Greater prenatal depressive symptoms are associated with higher maternal consumption of processed food and lower consumption of healthy nutrition (e.g., vegetables, fish, non-meat protein) (Barker et al., 2013), which could affect the nutrients received and flavors the fetus is exposed to in utero and alter subsequent food intake in offspring (Lesage et al., 2004; Paternain et al., 2012). There is evidence that flavors ingested by the mother are transmitted to offspring through amniotic fluid (Mennella, 2014) and that fetuses are differentially responsive to unique flavors (specifically sweet and bitter flavors) in utero (Ustun et al., 2022). Foods ingested during pregnancy or during the lactation period are more likely to be accepted by infants around 6 months of age (Mennella, 2014), suggesting that diet of the mother during pregnancy may lay the foundation for the child’s dietary preferences.

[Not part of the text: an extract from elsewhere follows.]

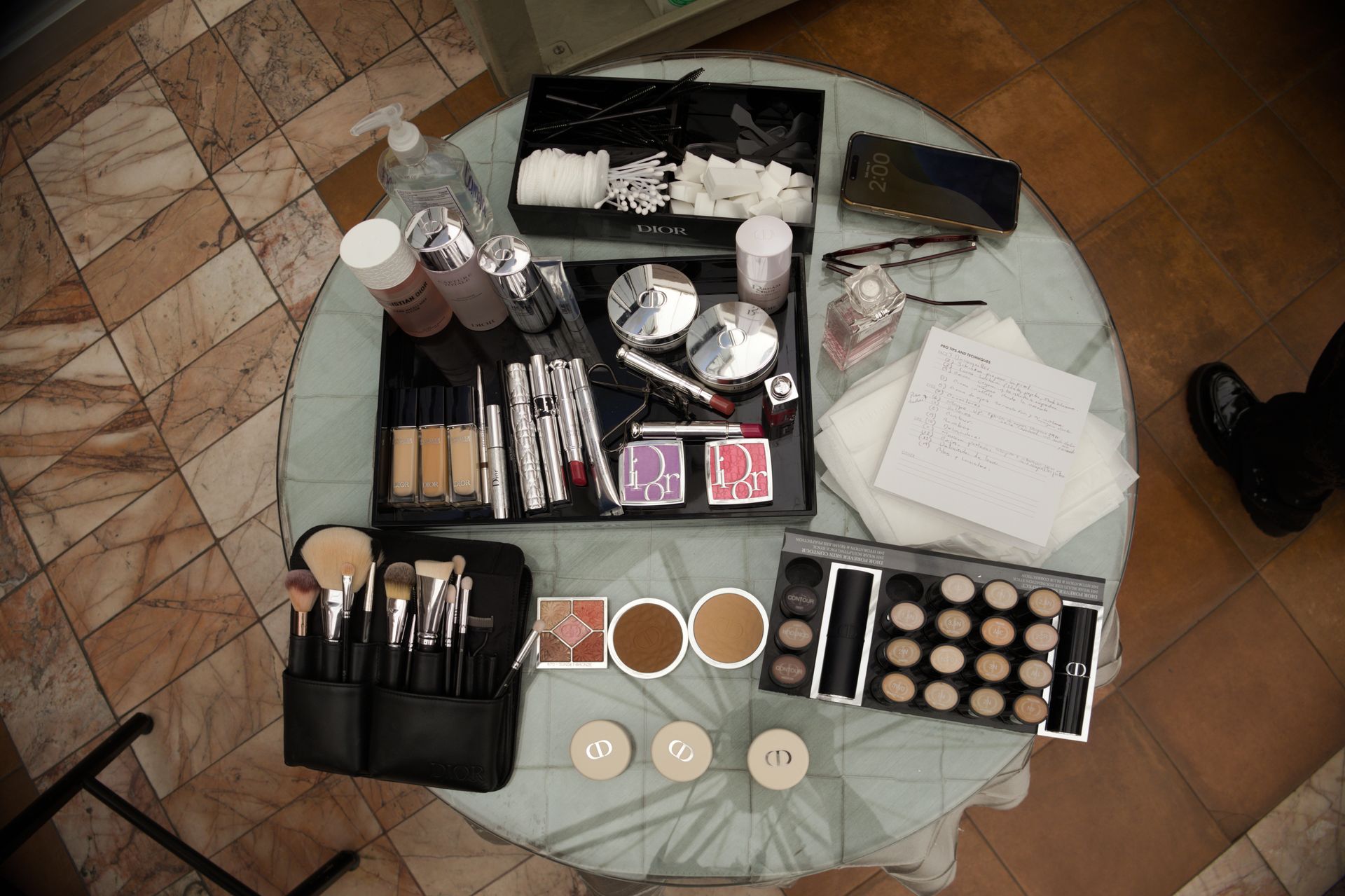 Cosmetics and makeup tools arranged on a round table with papers and a brush case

Prenatal depression is associated with poorer dietary quality during pregnancy (Avalos et al., 2020; Baskin et al., 2015), including greater consumption of calories from added sugars, solid fats, and alcohol, lower consumption of fruit, and lower consumption of greens and beans compared to individuals without prenatal depression (Avalos et al., 2020). Robust evidence, including studies of offspring following the Dutch Hunger Winter of 1944–1945, suggests that undernutrition during early pregnancy is associated with greater cardiometabolic risk in offspring (Roseboom et al., 2006). Undernutrition includes not having enough to eat or not eating or absorbing enough necessary macronutrients and micronutrients from one’s diet, which is consistently associated with offspring cardiometabolic health (Gluckman et al., 2008; Harding, 2001). Socio-contextual factors, including socioeconomic status, strongly shape food access which changes the availability of foods available to pregnant individuals. As a result, these social and structural factors almost certainly influence both maternal mental health and dietary quality during pregnancy. Given growing research that prenatal depression is associated with prenatal dietary intake, and the extensive evidence that prenatal undernutrition is associated with offspring cardiometabolic risk, prenatal dietary quality is a likely pathway between prenatal depression and offspring cardiometabolic risk.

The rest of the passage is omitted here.